» Task requirements
Scan the records below for the string "Premium" and return every line where it appears.

(Data under study begins)

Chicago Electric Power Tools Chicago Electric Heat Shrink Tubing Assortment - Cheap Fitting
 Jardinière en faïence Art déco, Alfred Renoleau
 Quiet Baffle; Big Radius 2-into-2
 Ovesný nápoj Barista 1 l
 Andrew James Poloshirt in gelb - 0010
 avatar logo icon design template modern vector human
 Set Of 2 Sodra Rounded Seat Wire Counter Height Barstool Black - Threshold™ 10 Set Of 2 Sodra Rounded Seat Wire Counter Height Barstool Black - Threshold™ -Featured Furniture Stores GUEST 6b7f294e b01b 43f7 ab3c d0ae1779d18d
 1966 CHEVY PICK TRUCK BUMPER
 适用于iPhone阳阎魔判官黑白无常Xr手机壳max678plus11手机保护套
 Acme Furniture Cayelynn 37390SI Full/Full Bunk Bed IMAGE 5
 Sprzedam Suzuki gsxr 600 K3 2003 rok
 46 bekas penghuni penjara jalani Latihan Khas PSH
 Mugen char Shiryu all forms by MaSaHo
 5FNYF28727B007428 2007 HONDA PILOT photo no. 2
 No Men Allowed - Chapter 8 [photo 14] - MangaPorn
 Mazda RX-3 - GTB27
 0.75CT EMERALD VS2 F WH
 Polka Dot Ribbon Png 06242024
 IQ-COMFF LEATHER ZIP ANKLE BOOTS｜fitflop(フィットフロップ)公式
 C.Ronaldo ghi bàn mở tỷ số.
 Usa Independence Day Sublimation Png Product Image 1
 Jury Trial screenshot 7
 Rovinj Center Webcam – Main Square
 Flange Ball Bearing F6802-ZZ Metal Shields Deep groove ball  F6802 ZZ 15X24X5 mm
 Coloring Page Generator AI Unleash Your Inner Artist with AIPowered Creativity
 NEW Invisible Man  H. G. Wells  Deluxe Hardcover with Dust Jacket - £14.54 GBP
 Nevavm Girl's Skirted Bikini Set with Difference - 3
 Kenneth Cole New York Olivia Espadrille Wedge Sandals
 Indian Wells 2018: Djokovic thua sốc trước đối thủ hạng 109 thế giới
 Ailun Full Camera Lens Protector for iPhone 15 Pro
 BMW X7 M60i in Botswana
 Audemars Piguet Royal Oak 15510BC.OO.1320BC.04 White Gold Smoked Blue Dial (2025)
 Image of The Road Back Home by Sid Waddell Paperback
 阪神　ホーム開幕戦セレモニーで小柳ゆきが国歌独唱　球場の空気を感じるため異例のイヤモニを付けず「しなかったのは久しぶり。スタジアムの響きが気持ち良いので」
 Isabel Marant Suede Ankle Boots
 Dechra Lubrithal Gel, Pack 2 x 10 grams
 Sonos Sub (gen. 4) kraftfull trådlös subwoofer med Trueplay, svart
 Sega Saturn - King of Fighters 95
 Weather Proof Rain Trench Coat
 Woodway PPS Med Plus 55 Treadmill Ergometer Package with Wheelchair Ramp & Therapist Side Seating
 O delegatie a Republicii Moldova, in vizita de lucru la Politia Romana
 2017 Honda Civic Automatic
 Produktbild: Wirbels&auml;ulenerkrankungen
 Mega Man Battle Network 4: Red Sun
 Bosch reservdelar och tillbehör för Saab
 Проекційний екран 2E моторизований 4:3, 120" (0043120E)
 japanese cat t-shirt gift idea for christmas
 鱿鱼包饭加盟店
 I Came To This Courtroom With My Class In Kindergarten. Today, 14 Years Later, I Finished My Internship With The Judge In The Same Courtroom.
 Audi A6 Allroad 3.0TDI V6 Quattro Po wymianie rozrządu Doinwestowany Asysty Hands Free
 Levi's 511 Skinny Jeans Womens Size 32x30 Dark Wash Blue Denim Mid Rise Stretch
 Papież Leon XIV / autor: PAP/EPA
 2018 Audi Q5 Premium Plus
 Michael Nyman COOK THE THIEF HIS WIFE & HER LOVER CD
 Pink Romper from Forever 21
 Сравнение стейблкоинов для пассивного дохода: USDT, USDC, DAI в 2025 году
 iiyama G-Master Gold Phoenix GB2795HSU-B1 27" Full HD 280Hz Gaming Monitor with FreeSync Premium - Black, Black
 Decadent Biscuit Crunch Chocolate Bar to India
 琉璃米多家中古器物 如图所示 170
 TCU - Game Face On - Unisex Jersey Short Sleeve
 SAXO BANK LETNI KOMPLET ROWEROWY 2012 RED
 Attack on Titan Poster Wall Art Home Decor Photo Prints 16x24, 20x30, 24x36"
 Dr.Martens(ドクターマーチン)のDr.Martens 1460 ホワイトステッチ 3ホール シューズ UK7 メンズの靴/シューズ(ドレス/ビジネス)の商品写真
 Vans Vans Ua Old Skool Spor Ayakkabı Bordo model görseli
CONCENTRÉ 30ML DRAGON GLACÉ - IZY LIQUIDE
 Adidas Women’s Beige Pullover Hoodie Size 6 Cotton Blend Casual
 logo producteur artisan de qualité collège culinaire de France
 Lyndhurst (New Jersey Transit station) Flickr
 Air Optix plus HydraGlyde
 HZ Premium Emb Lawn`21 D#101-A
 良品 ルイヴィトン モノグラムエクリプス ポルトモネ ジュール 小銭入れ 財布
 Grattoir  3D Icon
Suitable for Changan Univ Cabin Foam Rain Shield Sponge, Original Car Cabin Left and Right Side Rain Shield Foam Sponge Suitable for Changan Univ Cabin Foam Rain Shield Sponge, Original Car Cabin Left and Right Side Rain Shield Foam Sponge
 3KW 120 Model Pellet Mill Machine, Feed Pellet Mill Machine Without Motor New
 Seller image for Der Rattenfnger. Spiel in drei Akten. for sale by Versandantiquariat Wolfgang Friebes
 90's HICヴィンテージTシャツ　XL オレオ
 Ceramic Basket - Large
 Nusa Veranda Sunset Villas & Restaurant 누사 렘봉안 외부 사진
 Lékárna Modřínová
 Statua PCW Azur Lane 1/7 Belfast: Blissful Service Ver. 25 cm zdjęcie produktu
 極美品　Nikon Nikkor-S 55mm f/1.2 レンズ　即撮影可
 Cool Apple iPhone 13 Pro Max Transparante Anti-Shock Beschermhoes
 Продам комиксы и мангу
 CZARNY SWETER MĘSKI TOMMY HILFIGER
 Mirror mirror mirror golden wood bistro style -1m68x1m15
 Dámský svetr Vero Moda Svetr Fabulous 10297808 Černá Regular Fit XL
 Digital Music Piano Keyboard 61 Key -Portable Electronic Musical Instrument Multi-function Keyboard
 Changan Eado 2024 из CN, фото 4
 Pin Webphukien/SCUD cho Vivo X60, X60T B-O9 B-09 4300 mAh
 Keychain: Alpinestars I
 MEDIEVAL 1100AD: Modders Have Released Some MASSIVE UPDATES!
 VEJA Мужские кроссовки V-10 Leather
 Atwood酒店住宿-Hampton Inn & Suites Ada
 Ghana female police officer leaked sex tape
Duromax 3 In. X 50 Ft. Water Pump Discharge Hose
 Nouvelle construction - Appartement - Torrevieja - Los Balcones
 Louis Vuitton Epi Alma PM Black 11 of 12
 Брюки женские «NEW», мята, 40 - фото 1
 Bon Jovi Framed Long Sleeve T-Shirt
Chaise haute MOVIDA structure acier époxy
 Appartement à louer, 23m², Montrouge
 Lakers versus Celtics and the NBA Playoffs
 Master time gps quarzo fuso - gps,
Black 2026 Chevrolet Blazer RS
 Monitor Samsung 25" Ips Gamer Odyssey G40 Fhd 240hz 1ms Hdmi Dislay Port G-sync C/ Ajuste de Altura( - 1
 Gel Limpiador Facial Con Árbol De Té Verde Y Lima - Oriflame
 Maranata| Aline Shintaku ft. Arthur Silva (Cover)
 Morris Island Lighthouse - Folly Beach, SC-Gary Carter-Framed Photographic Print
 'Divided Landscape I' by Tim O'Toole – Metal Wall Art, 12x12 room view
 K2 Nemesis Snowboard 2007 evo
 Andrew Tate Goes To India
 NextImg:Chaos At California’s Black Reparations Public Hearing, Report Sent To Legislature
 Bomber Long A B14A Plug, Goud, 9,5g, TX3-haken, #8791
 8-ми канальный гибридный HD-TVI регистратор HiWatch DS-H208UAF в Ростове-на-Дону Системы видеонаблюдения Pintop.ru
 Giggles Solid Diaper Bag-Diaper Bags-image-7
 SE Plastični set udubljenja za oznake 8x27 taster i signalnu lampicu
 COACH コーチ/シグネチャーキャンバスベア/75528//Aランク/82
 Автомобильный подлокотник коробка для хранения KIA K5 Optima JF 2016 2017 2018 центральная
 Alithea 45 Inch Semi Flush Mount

(Data under study ends)

» Reply
 2018 Audi Q5 Premium Plus
 iiyama G-Master Gold Phoenix GB2795HSU-B1 27" Full HD 280Hz Gaming Monitor with FreeSync Premium - Black, Black
 HZ Premium Emb Lawn`21 D#101-A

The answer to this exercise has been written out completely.